Rooftops, thermal escape, vegetation
This is a great use case for the ANAFI – examining where heat escapes from a building. Coupled with mapping capabilities to derive measurable areas, it’s a really neat and compact tool for assessing where insulation might be needed or not. It’s also easily able to discriminate thermal properties of different vegetation cover types.
Finding cows and cats
Animals are a less distinct use case. Given the low sensor resolution small things are hard to see. Cow sized animals are better! The video below cycles through the different thermal modes, while observing cattle from around 50m away.
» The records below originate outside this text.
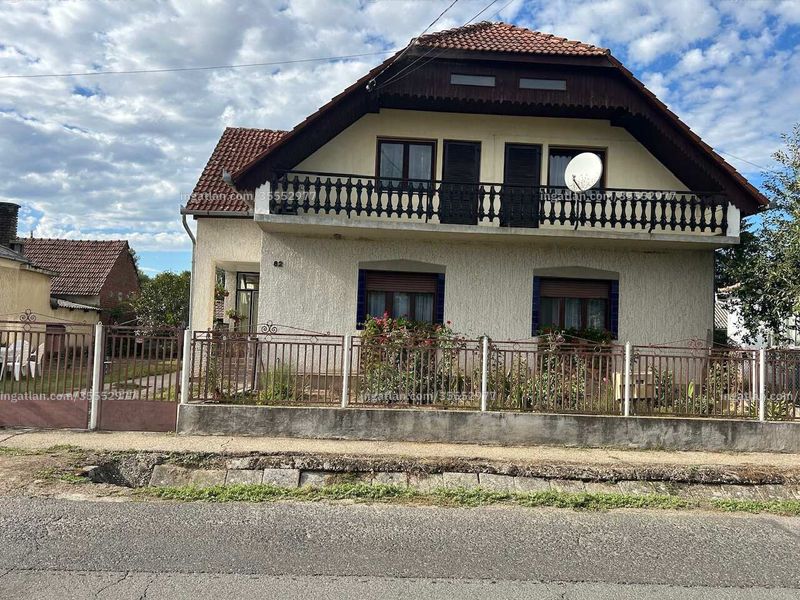 Ingatlan kép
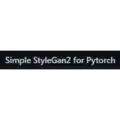 Gratis download Simple StyleGan2 voor Pytorch Windows-app om online win Wine in Ubuntu online, Fedora online of Debian online uit te voeren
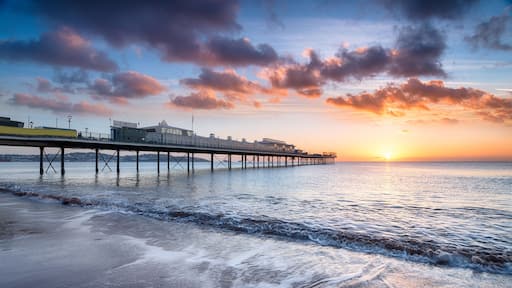 Paignton Pier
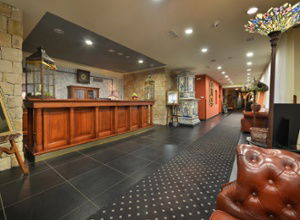 11464 Golfhotel Morris Marienbad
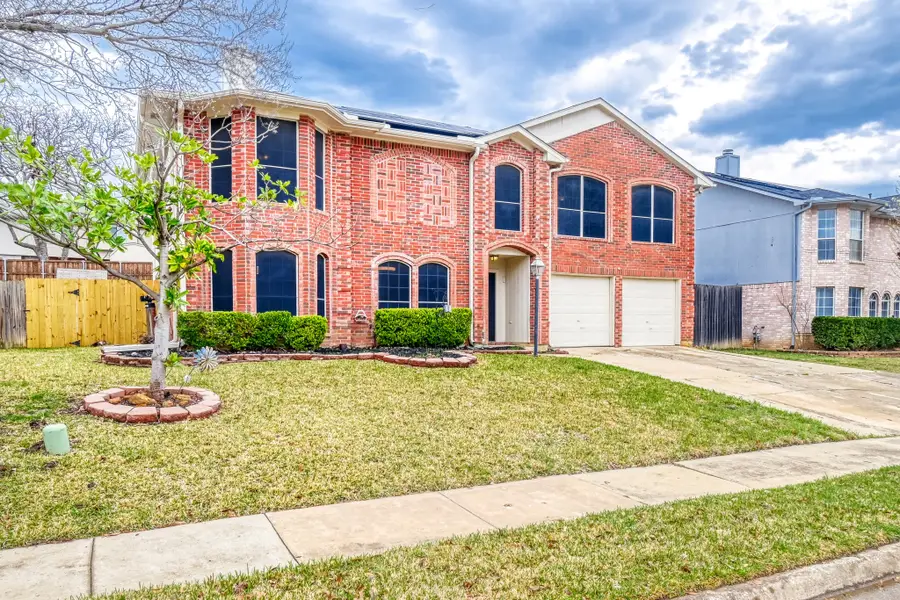 2112 Meadowview Drive, Corinth, TX 76210 - #3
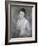 Madame Henriot-Pierre-Auguste Renoir-Framed Giclee Print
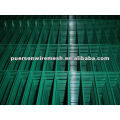 Wire Mesh Panel in Dubai Fertigung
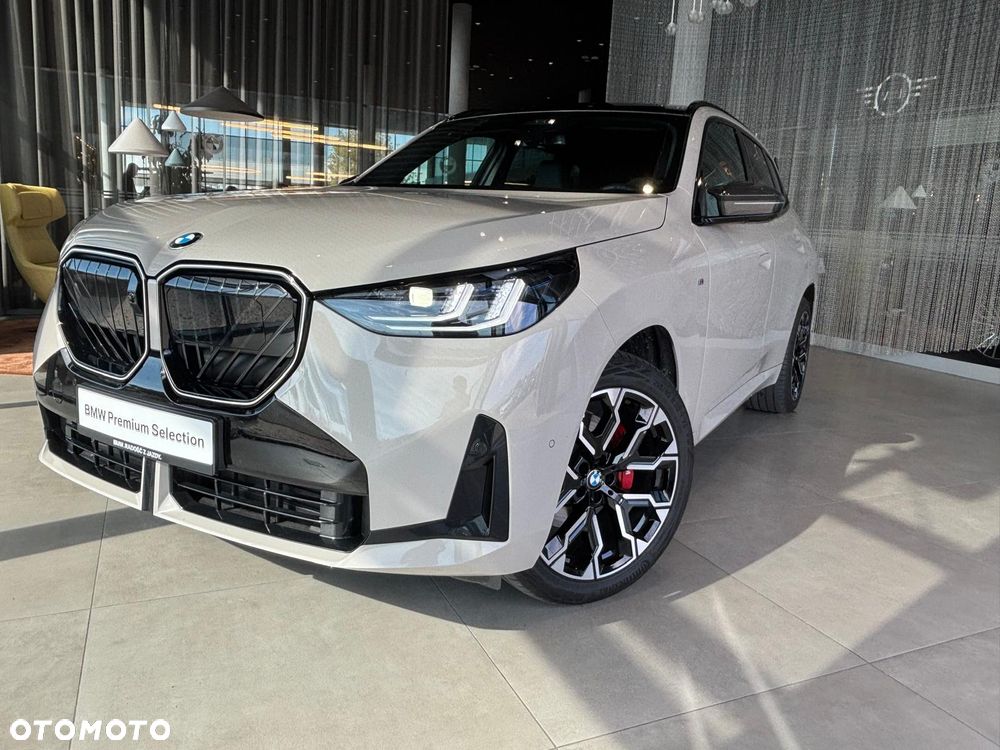 BMW X3 2026 photo 2
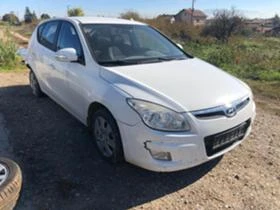 Hyundai I30 1.6i - [1] 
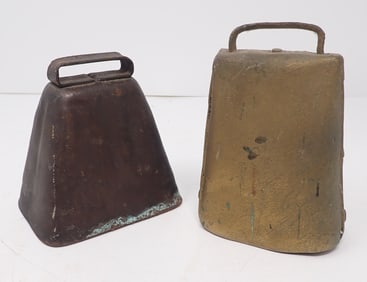 Cow Bells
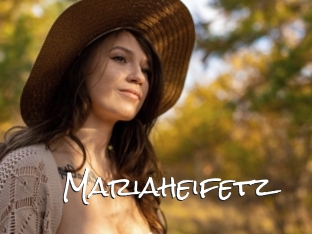 Mariaheifetz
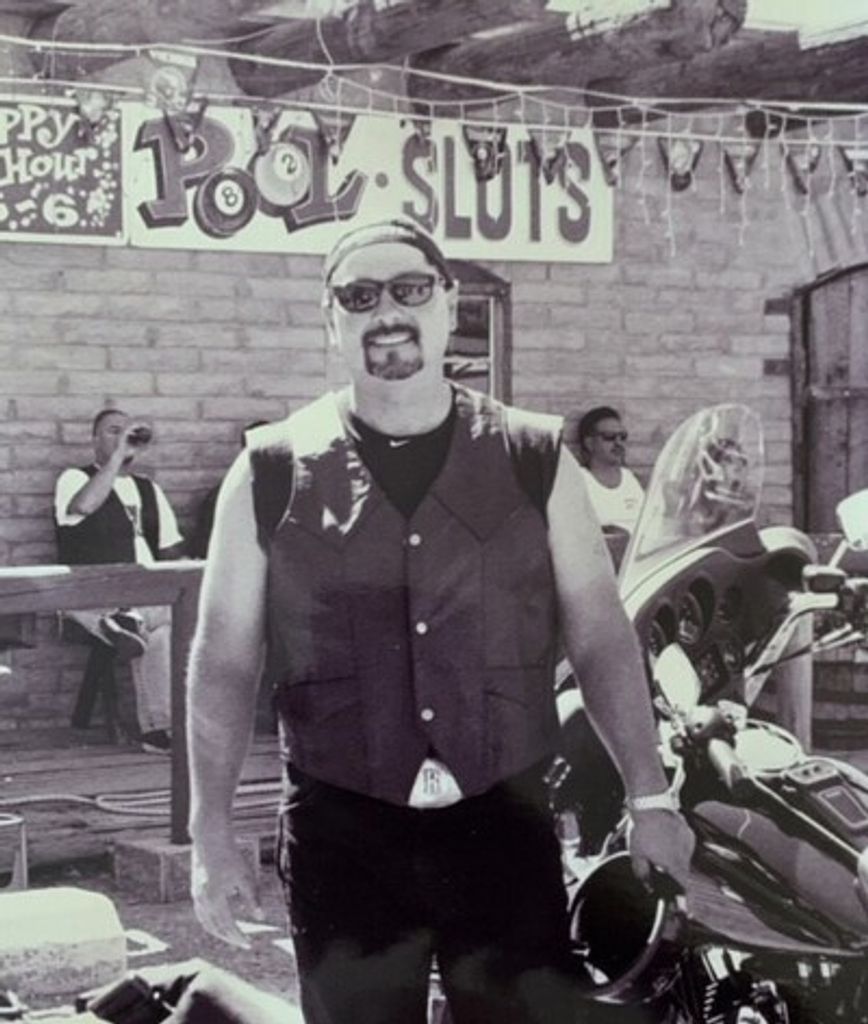 Richard "Rick" A. Torres Profile Photo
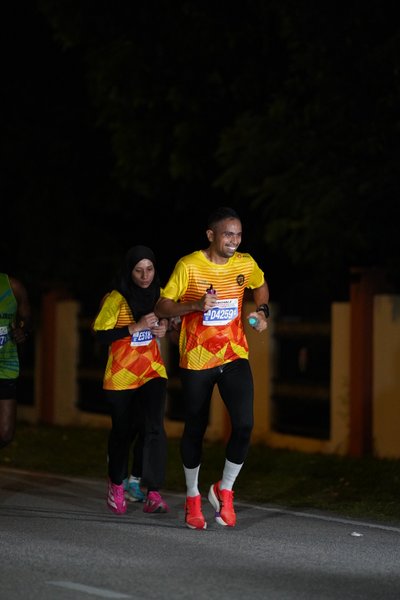 Ipoh Half Marathon 2026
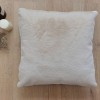 ΜΑΞΙΛΑΡΙ PUFFY TFC3  BEIGE 42.5X42.5 NewPlan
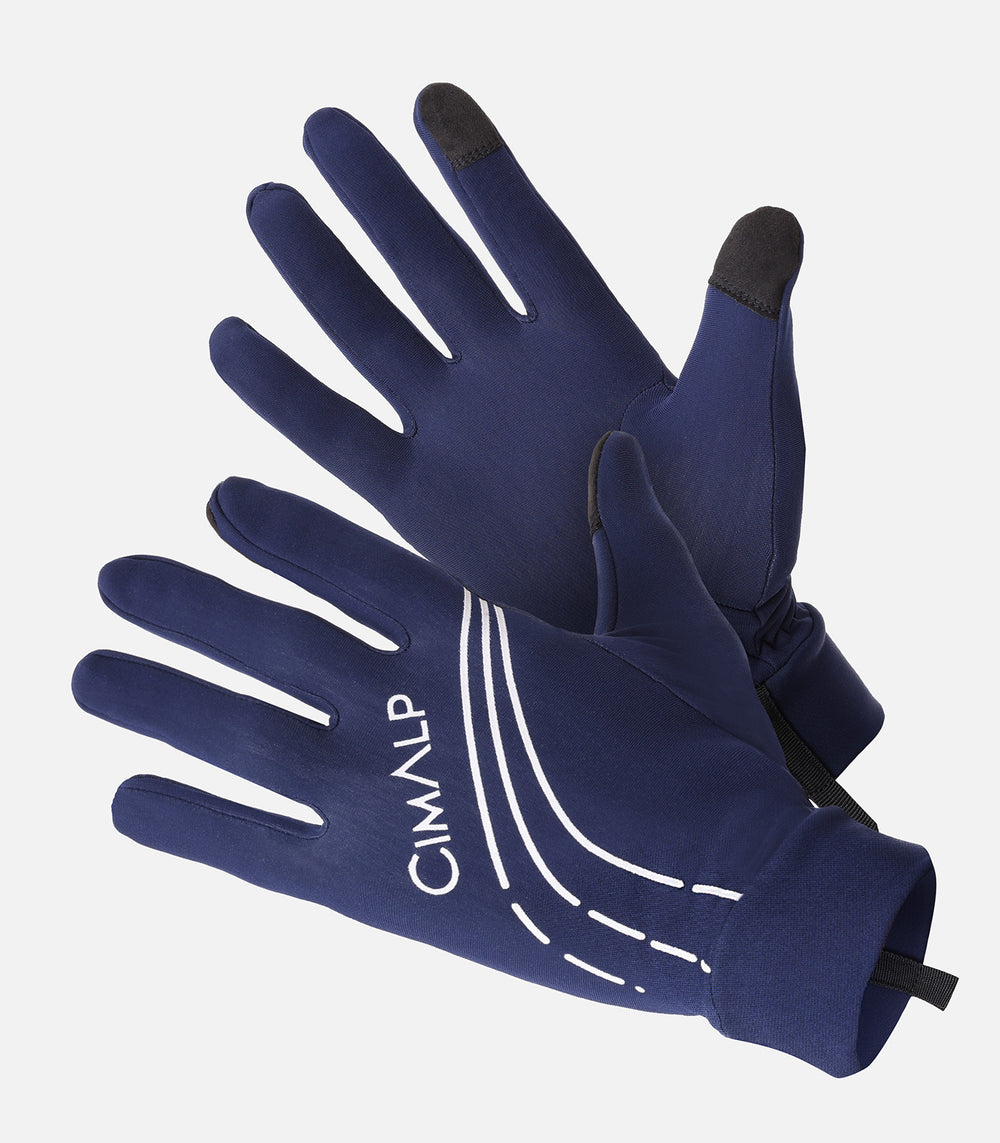 Nordic Walking Clothing unisex WINTER GLOVES 4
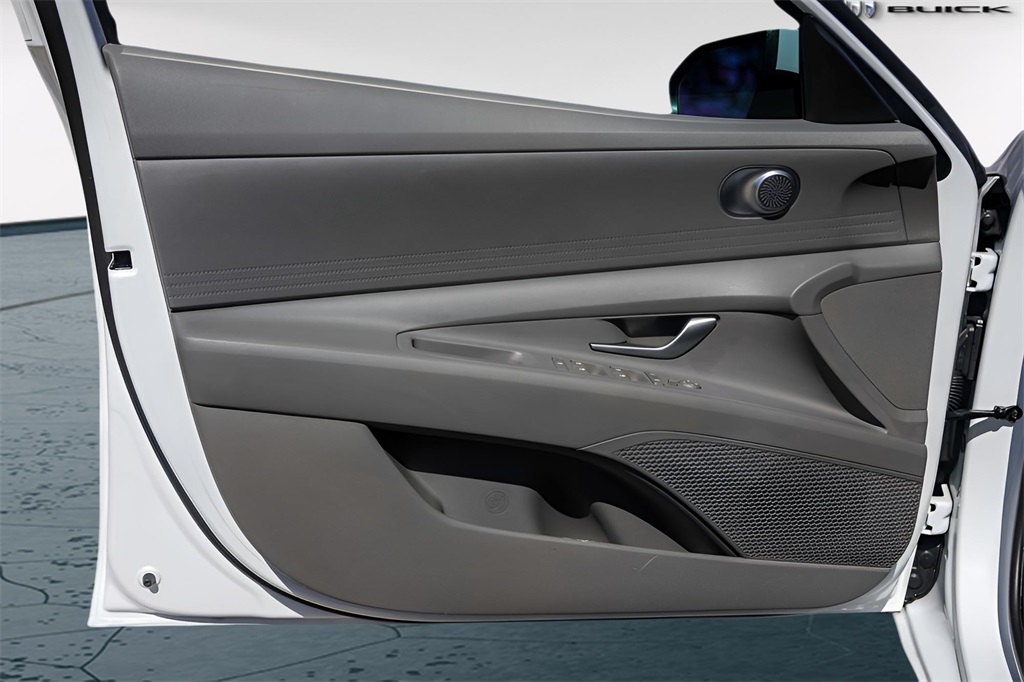 Used Car 2021 Hyundai Elantra  Sel For Sale Under $20,000 In Austin, Texas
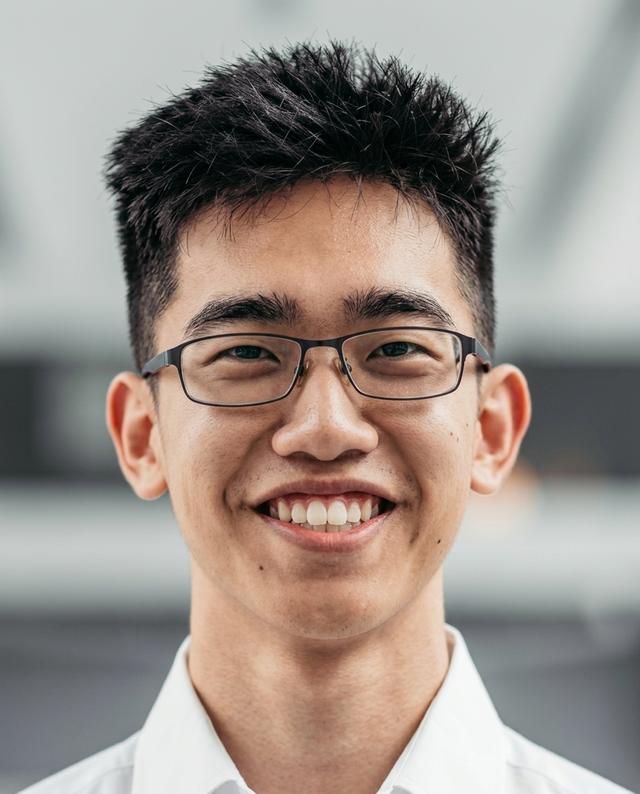 Richard Ye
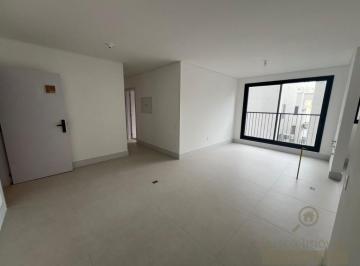 Foto 01 · Apartamento à venda em Florianópolis, Estreito: 2 suítes, 3 banheiros, 1 vaga, 76,75m². Imperdível!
Note a calf wandering into then out of thermal visibility as it moves from leaf cover to open to cover again.
For this demonstration I adjusted the thermal emissivity specifically for animal fur (yes! the thermal emissivity of animals is well studied), which helped a little. Previous experiments at the default settings did not turn out so well.
I mentioned finding cats. This doesn’t work so well – the sensor pixel resolution makes smaller things hard to detect. Here’s a cat, at night, from about 10 m – using the ANAFI as a handheld thermal imager
Long story short, for finding small creatures you’d probably enjoy a higher-definition thermal sensor. The thermal resolution of the FLIR lepton unit aboard the ANAFI is great! For some tasks, it just does not have enough pixels.
SAR – mixed results
Finding people using thermal imagery is a thing – if you have a really amazing thermal setup. The ANAFI’s little FLIR unit does OK at finding people-like objects. My initial tests were awful – however, I realised I wasn’t using the sensor very well. Just like cows, humans don’t stand out well below canopy cover. Here is me, behind a pine tree, about 50m from the camera.
..yep, I’m invisible!
Without interference, we do OK. This image is me, from 30m away. I can find me! So there’s hope.
Another post will look at a few specific SAR scenarios – how long until a person becomes thermally indistinct from a river; and whether we can spot a person in good outdoor clothing at all, including sparse treecover and in the open
Just for fun I sent a quick thermal imagery flight through Opendronemap, and made a thermal reconstruction! Unfortunately only RGB values are kept in the resulting output – it would be wise to carefully register thermal values to RGB if you wanted to interpret the model colours later.
The ANAFI thermal is a lot of instrumentation in a tiny and robust package!
It is a joy to fly. I generally don’t use automated cinematography modes and my fingers are slowly getting to smooth pan and tilt shots. Using GPS lapse is a great tool for modelling – making life easier, although even finer distances would be useful in some scenarios. It’s fantastic to be able to combine structured flight plans (eg Pix4D capture) with freestyle captures to pick on details.
Thermal imaging capability is an amazing extra – it opens up a lot of new tasks for a tiny, portable instrument with great flying characteristics and a wide range of operating conditions.
I like Parrot’s Freeflight app – it’s easy to use and straightforward. The only major issue some people might have is its lack of collision detection. it certainly pays keeps your pilot senses on! I’d like little signal lights in the arms – but that’s a minor quibble for this small-but-powerful flying instrument.
I bought this one from DronesForHire – and we’ve grown a great relationship since. Happy to recommend them as a place to buy from!